The Z9 is a true professional camera with all the specs to match, including a new 45,7MP multi-layer sensor and 8K/60p video recording. The Z9 records full resolution RAW images at up to 20fps, 45MP JPEG images at 30fps, and 11MP JPEG images at 120fps. The Z9 also features an all-new 3,69 million-dot OLEV electronic viewfinder with reduced latency and greater brightness.
After discussing the features and design of the Z9, Alex and Jared from Kolari Vision set about disassembling the Z9. They started from the bottom, removing parts of the bottom plate and cutting through a strip of copper foil. They then removed the screws from many places on the camera, including the bottom bezel, side panels, the back of the camera, and the viewfinder area. Once the screws are removed, the entire back panel can pop out, including the XNUMX-way tilting LCD. Fortunately, nothing will happen to the complex display mechanism.
Once the back panel is removed, you can see the insides of the camera, including the entire extensive cable set. The Z9 has a lot of buttons, more than the Z7 II, because a lot of information has to flow through the camera.
This teardown is a first look at the Z9 motherboard, including the EXPEED 7 processor. The processor is surrounded by a custom heatsink frame that transfers heat from the processor to the camera body: better heat dissipation.

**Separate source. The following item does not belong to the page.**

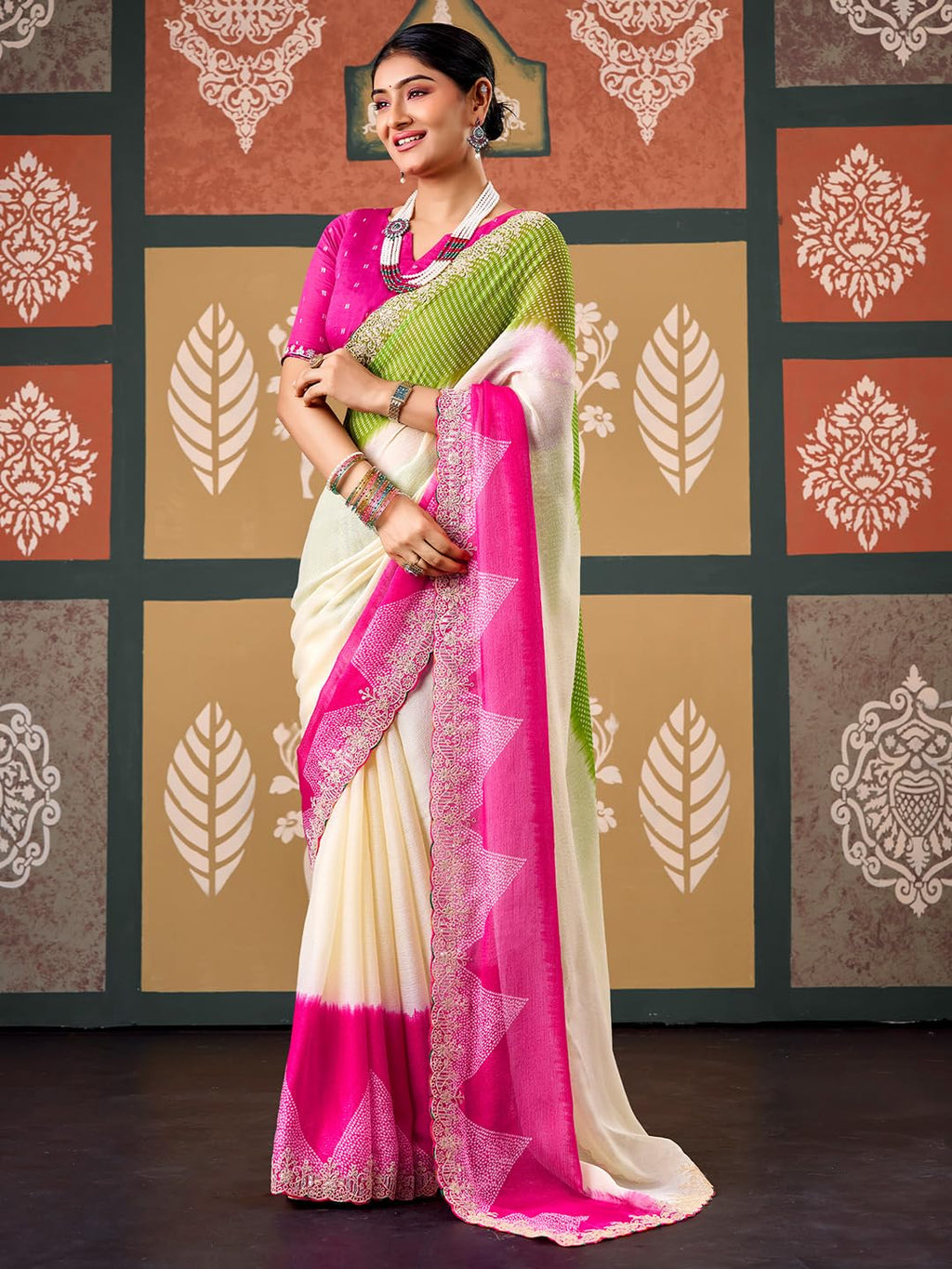 Cream Chiffon Striped Saree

Nikon has added holes to access the sensor screws. Nikon adjusts the position of the sensor to ensure it is perfectly calibrated and parallel to the focal plane. The sensor must be calibrated to avoid focus errors. New access holes make it easier for the technician to fine-tune the sensor position without having to reassemble the camera. Another nice design aspect is the presence of a connection between the battery board and the board, making it easy to repair.
The heatsink is then removed, which includes numerous thermal pads underneath. From here we can see that the Z9 has two sensor strips. This is how the Z9 ensures blackout-free shooting. The camera transmits data from its sensor to the processor / displays and memory cards separately using separate loops.
After all cables are disconnected, the motherboard is removed. The card readers are located on opposite sides of the board, just like the Z7 II. Nikon also soldered all the ports on the board. Compared to the Sony a1, which includes detachable flex cables for many of its ports, the Z9 will be more difficult to repair if there are any issues with the ports.
Under the motherboard is another layer of the camera heatsink frame. Removing this frame gives full access to the image sensor. The full frame sensor is a standard size, but with the IBIS system the array looks quite large. IBIS locks into place to reduce the risk of damage when not in use. Many IBIS components float freely when not in use.
“The Z9 combines classic features we've seen in Nikon DSLRs of the past with new innovations never seen before. If you shoot with DSLRs and refrain from mirrorless cameras because of battery life, EVF lag, or because you (for some reason) don't like small, light cameras, then this is the mirrorless camera that you need.